Agentic DevOps: Why I Think MCP Servers Are the Right Abstraction

I gave an AI agent kubectl access once. It deleted the wrong namespace because I worded the prompt poorly. That was the day I stopped believing in “just give it a shell and supervise it.”

I have been building and thinking about infrastructure agents for a while. The part that excites me is not autonomous remediation at scale. It is the idea that an agent can read a log, summarize a failure, and suggest a next step before a human even opens the incident channel.

The part that scares me is giving that agent a shell. I learned that the hard way.

This post is about why I think MCP servers are the right answer to that tension, and what I believe a safe agentic DevOps setup looks like. It is based on things I actually built and things I actually broke.

What Agentic DevOps Means to Me

Agentic DevOps is the use of AI agents to observe, reason about, and act on infrastructure. The shift from traditional automation is not that the agent is smarter. It is that the agent operates in a space of ambiguity.

A traditional script says: if memory is over 90%, scale up. An agent says: memory is climbing, there was a deployment 10 minutes ago, and the error logs mention a memory leak in the new version. It might recommend a rollback. It might recommend a restart. It might recommend escalating to a human.

That ambiguity is useful. It is also dangerous if the agent has too much power. I found this out when I connected Kimi Code to my homelab cluster with a generic “help me manage Kubernetes” prompt. Within ten minutes it had suggested deleting a namespace that contained my monitoring stack. The namespace name was similar to the one I actually wanted to clean up. The agent did not know the difference because I had not told it.

Why MCP Servers Matter

MCP servers sit between the agent and your infrastructure. They expose a small, well-defined set of tools instead of raw API access. The agent sees get_pod_logs, list_deployments, and restart_deployment. It does not see kubectl exec or cluster-admin.

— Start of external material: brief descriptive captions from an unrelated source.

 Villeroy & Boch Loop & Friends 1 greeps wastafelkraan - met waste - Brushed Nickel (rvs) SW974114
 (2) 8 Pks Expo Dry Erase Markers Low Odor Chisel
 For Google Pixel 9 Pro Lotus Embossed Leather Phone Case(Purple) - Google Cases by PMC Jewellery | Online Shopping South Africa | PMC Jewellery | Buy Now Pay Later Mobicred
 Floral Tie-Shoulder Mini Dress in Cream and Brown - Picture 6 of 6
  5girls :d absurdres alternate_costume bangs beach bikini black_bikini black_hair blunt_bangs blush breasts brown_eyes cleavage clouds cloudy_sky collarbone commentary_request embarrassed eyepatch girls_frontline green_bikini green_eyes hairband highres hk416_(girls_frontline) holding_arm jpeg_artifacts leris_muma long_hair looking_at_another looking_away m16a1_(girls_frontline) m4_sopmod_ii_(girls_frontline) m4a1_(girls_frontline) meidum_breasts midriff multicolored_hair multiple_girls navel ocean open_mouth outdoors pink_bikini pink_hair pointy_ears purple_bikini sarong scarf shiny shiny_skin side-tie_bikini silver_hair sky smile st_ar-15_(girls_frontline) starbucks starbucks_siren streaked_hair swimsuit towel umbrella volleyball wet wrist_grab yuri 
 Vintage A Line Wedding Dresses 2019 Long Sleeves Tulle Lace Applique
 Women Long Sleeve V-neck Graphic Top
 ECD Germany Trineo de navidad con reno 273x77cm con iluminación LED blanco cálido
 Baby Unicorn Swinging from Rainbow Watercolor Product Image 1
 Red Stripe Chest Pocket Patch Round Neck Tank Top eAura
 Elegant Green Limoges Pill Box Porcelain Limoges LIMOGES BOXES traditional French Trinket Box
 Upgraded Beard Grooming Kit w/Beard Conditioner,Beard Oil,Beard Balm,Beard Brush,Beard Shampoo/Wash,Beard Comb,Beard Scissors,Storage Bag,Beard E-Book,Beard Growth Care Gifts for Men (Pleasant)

This matters for three reasons:

Least privilege by design. You decide exactly what each tool can do. I learned this after the namespace incident. Now my agents only see what I explicitly expose.
Auditable actions. Every tool call is a discrete, loggable event. When something goes wrong, I know exactly what the agent tried to do.
Composable infrastructure. The same MCP server works with any compatible agent. I built one for my homelab and tested it with Kimi Code, Continue.dev, and a custom LangGraph agent.

I think of MCP servers as the USB-C port of agentic infrastructure. One protocol, many peripherals, clear boundaries. The boundary is what I was missing when I gave the agent raw kubectl access.

The Architecture I Believe In

A production agentic system has four layers:

Observability plane: Prometheus, Loki, PagerDuty, whatever you already use. The agent reads from here.
MCP server layer: Translates infrastructure APIs into scoped tools.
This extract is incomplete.